§ PROBLEM STATEMENT: Every line in the records below between the one holding "VD26 - Ecuador" and the one holding "Google Pixel 3", inclusive, is to be set down exactly; all other lines are to be left out.
(DATA FOR REVIEW Opens)
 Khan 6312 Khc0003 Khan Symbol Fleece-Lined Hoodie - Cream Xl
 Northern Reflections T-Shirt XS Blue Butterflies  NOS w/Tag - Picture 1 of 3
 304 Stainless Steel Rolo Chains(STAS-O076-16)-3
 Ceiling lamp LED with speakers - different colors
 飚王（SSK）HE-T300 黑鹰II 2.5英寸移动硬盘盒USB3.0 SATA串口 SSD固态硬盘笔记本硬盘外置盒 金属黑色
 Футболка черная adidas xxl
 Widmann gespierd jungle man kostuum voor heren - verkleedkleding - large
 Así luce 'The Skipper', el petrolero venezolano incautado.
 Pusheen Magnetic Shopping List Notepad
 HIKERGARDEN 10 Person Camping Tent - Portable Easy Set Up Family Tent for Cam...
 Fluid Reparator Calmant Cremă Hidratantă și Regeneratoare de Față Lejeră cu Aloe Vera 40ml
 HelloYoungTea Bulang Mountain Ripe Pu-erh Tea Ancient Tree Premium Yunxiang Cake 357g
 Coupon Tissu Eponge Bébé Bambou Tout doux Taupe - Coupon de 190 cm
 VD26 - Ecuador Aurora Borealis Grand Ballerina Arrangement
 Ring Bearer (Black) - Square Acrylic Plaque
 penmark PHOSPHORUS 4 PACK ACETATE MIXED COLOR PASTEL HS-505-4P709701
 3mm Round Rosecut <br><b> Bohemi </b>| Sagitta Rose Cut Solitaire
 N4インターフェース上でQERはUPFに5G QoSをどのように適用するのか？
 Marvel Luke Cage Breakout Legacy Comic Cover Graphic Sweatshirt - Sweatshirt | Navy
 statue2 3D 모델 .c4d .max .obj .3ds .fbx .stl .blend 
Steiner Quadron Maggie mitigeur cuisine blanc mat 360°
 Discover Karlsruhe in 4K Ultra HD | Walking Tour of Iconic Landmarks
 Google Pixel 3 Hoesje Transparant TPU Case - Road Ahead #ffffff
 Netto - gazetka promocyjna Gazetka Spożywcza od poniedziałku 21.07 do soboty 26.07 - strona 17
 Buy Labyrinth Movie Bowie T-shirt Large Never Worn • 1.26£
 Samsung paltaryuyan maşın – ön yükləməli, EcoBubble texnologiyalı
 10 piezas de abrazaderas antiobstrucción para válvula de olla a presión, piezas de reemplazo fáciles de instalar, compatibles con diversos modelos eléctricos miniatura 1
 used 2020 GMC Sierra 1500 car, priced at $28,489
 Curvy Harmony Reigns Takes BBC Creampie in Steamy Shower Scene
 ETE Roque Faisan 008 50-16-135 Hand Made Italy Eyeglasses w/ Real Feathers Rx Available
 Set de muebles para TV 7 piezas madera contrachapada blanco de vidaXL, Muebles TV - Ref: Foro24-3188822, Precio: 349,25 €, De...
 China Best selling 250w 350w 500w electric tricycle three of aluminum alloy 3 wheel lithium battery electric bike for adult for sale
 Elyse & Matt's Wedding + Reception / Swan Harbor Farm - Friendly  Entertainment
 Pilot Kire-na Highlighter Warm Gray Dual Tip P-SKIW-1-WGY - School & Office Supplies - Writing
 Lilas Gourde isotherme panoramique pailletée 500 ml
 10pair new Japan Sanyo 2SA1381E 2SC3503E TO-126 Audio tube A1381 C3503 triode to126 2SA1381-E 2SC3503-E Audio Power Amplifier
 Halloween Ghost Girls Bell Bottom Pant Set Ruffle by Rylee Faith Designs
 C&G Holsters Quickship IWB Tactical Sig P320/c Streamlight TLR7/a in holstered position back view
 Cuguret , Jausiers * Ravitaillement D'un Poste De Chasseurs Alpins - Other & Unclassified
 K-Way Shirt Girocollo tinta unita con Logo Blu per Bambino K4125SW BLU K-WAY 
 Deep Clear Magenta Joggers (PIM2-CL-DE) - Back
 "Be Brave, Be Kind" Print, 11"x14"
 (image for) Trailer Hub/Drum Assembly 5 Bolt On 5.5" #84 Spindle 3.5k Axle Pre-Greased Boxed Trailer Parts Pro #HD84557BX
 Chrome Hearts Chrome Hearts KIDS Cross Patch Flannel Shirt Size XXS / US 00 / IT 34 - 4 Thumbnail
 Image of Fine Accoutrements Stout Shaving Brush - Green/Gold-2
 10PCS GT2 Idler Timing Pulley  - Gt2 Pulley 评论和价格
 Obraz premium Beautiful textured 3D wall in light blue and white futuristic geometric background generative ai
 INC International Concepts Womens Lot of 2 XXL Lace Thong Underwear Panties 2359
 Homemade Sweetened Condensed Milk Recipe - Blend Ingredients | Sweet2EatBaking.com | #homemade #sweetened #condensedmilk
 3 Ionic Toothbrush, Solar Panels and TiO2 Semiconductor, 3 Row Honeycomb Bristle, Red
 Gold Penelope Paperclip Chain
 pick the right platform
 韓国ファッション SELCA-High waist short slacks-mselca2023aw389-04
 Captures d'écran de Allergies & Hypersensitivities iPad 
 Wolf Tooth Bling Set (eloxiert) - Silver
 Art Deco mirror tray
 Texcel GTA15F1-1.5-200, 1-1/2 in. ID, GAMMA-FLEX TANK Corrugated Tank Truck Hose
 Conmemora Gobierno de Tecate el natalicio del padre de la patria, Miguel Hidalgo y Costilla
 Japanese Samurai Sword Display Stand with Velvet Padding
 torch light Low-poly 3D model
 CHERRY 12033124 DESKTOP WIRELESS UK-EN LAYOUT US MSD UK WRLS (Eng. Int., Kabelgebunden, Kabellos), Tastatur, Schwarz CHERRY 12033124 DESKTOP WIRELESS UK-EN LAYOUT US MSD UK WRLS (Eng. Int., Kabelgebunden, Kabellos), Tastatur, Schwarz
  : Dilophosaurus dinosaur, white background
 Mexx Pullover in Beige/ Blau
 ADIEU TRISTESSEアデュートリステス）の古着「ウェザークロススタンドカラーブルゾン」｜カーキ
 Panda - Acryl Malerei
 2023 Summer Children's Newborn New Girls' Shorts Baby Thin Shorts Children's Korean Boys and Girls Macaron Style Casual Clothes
(DATA FOR REVIEW Closes)
§ TASK RESPONSE:
 VD26 - Ecuador Aurora Borealis Grand Ballerina Arrangement
 Ring Bearer (Black) - Square Acrylic Plaque
 penmark PHOSPHORUS 4 PACK ACETATE MIXED COLOR PASTEL HS-505-4P709701
 3mm Round Rosecut <br><b> Bohemi </b>| Sagitta Rose Cut Solitaire
 N4インターフェース上でQERはUPFに5G QoSをどのように適用するのか？
 Marvel Luke Cage Breakout Legacy Comic Cover Graphic Sweatshirt - Sweatshirt | Navy
 statue2 3D 모델 .c4d .max .obj .3ds .fbx .stl .blend 
Steiner Quadron Maggie mitigeur cuisine blanc mat 360°
 Discover Karlsruhe in 4K Ultra HD | Walking Tour of Iconic Landmarks
 Google Pixel 3 Hoesje Transparant TPU Case - Road Ahead #ffffff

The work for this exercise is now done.